I’ve only had a cursory think about what you’ve presented so I’ll chip in some bits that popped up to me while reading (apologies in advance for the long reply, but you started it ).
This is to be expected I would say. Scaling up a model can be difficult because and lead to poorer convergences and poorer sampling. Part of this that may be worth looking into is thinking about evaluating the identifiability of your problem, effectively meaning how well your model details the data generation process / aren’t multiple ways to get the same data results. HMC (I’m assuming you are using NUTS for your sampling) breaks down very loudly which is part of the diagnostic benefit of HMC, and my preliminary intuition is that scaling to include more cross sections is meaning more ways to get the same data results. If this is to blame for your problem (I have the same problem with my work at the moment ) then regularisation helps (like stricter priors which you mentioned that you did), you can also encode more structure in your approach to the problem to minimise this possibility for degeneracy, or find more information if there is any available (usually the right kind of information, not always just more of the same data).
The following paragraphs where you mention about exploring redundant regions basically fits this identifiability picture, but in case you didn’t know the term then perhaps that helps.
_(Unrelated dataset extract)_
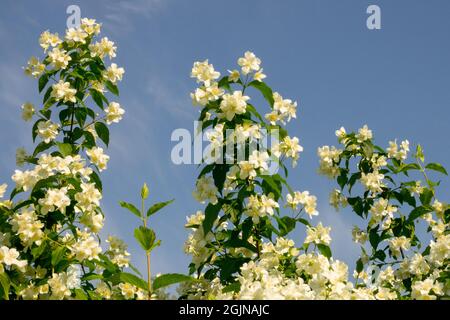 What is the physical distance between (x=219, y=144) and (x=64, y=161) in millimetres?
986

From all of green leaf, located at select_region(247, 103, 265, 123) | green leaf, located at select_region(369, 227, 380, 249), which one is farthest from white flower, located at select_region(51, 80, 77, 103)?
green leaf, located at select_region(369, 227, 380, 249)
It is true that non centred parameterisations can be nice but it isn’t necessarily that simple unfortunately, I am not 100% on the nitty gritty details but here are some pymc posts worth consulting that helped my understanding on why non centred isn’t a clear cut advantage: Noncentered Parametrizations , Non-centering results in lower effective sample size . But I also found more discussion by just typing in Google “pymc non centred parameterisation” so there is plenty of discussion to be found. I haven’t thought too much about whether changing parameterisation would necessarily help but it is wortha mention.
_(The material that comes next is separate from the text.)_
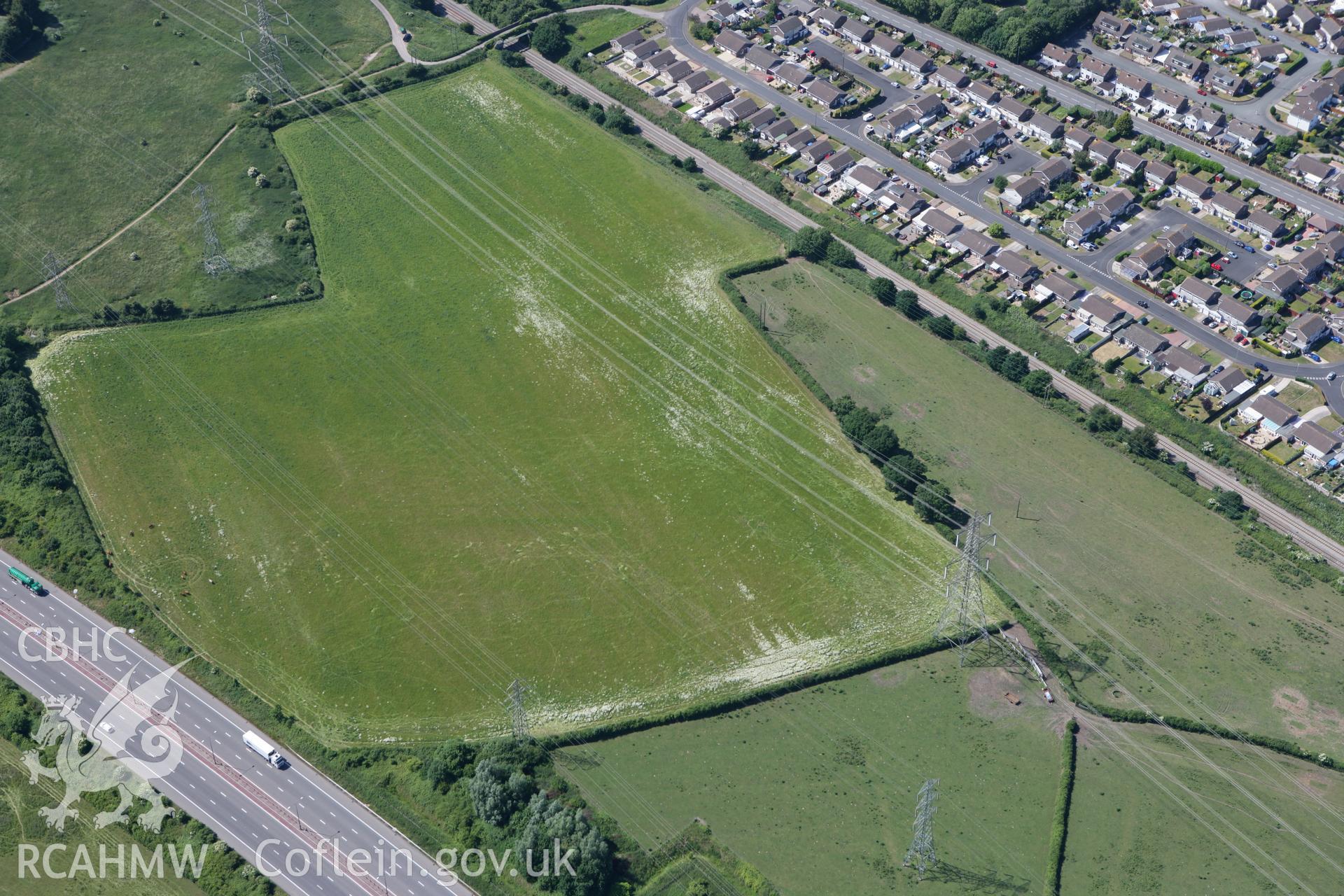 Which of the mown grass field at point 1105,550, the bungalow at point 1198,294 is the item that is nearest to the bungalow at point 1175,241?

The bit that you mention about reducing down to focusing on a single cross section and still generating problems, that I am not immediately sure on diagnosing I’ll admit, nor the additional point around being unable to sample prior predictive on the whole model, but like you mention you seem to at least have an initial lead on solving that.
I guess to summarise (1) yes it is to be expected (if you are mainly talking about convergence, sampling time…etc), to quote Thomas Wiecki “Hierarchical models are awesome, tricky and Bayesian” (while my_mcmc: gently(samples) - Why hierarchical models are awesome, tricky, and Bayesian) and that tricky part of the quote is the real pain since there are a few pain points involved like distribution funnels and even identifiability problems.
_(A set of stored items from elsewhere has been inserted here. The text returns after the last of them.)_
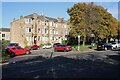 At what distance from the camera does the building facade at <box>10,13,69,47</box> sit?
7694 centimetres

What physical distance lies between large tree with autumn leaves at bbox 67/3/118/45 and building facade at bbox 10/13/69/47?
17614 millimetres

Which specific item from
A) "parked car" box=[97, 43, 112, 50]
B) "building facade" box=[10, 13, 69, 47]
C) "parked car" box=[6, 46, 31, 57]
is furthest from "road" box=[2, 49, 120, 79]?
"building facade" box=[10, 13, 69, 47]

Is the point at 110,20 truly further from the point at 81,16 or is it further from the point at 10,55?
the point at 10,55

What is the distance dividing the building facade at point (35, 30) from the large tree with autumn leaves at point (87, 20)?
17.6 m

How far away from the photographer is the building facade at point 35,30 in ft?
252

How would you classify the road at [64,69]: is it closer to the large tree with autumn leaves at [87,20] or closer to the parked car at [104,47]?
the parked car at [104,47]

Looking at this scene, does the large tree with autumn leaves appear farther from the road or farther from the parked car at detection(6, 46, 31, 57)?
the road

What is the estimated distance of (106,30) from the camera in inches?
2628

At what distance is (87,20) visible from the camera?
58562 mm

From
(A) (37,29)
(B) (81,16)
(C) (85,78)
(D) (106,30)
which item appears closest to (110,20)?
(D) (106,30)

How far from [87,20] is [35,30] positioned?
26086 mm

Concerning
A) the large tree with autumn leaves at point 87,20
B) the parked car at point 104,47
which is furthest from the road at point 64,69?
the large tree with autumn leaves at point 87,20

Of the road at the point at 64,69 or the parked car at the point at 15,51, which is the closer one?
the road at the point at 64,69

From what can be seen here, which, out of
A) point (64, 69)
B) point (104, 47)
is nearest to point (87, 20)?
point (104, 47) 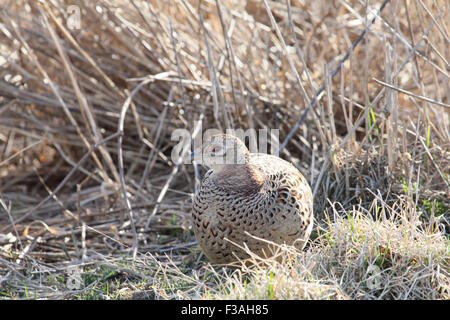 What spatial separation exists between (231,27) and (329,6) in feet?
2.64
(2) I would say have a think about parameterisations (or just trial and error changing parameterisations) to see if you can find benefit. Maybe also think about identifiability if it helps and if it is possible to alter your model for better results? These would also hopefully help (4) which addressing your runtime troubles would be another thing to tackle (will elaborate in paragraph after next)
(3) The r-hat diagnostic is good, it does have some limitations but someone more experienced would perhaps be better placed to elaborate on anything regarding it. The only thing that I’d mention is if you haven’t done it already, r-hat is more robust with doing it with more shorter chains rather than a single longer one.
(4) again I’m assuming that you are using the NUTS sampler. It is worth profiling your code to figure out where these pinch points are, pymc does have profiling features but I’m still not 100% on doing it but there have been a few posts recently about debugging a model and profiling. My initial intuition is that that your model problems are the main source of your grief resulting in large NUTS tree depth, meaning it is spending a lot of time on the Hamiltonian trajectory, you can validate this is the case by indexing the tree_depth part of the sample_stats part of your trace, so something like:
print(trace.sample_stats['tree_depth'])
which would return an array of numbers, so say the result is an array of 10s, then since NUTS uses a binary tree doubling this means 2^10 calls which naturally becomes quite incumbent. More recent versions of pymc give you a warning telling you about hitting max tree_depth and advising to increase tree_depth or reparameterise but I don’t know which version of pymc you have so I don’t know if you would be getting this warning or not .
Hope any of this helps, even if it is just aiding understanding of what the problems may be!